§ **Problem to work on**: Restate the data below word for word, and let no image into your version.

§ **Data block**:
------------------------

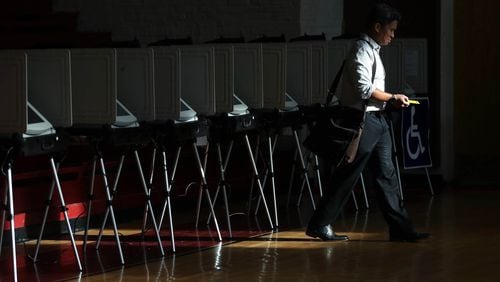 Sunlight streams through the windows of the gym as a voter walks away from the voting booths after voting during the Georgia runoff election voting at Henry W. Grady High School on July 24 in Atlanta. (JASON GETZ/SPECIAL TO THE AJC)
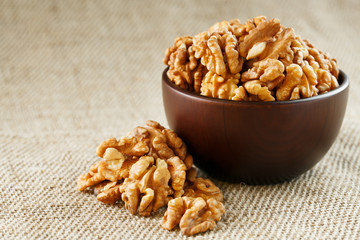 Peeled walnuts in a wooden, dark brown cup on a burlap cloth.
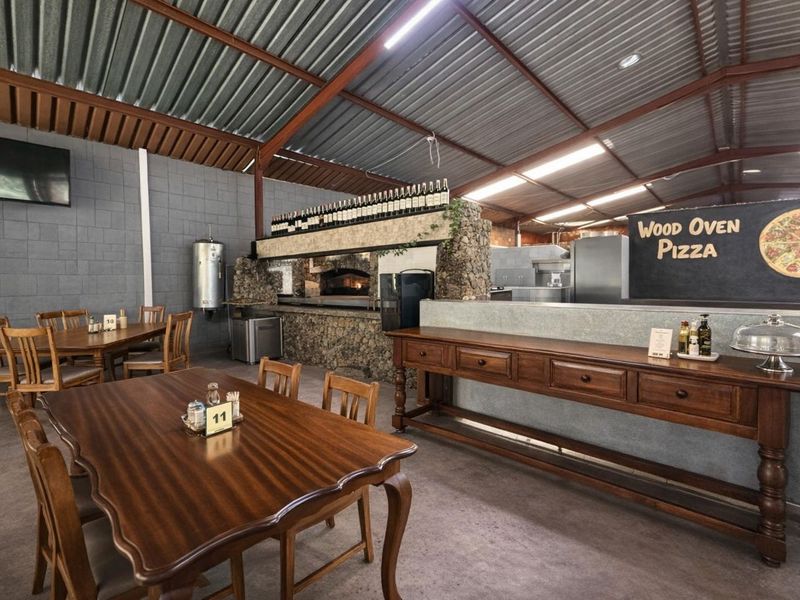 Grow Your Dream: Vibrant Flower-Filled Restaurant Ready for New Ownership - Photo 2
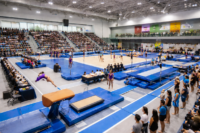 Gymnastics competition at Surrey sports complex with athletes and crowd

------------------------

§ **Response to the task**:
 Sunlight streams through the windows of the gym as a voter walks away from the voting booths after voting during the Georgia runoff election voting at Henry W. Grady High School on July 24 in Atlanta. (JASON GETZ/SPECIAL TO THE AJC)
 Peeled walnuts in a wooden, dark brown cup on a burlap cloth.
 Grow Your Dream: Vibrant Flower-Filled Restaurant Ready for New Ownership - Photo 2
 Gymnastics competition at Surrey sports complex with athletes and crowd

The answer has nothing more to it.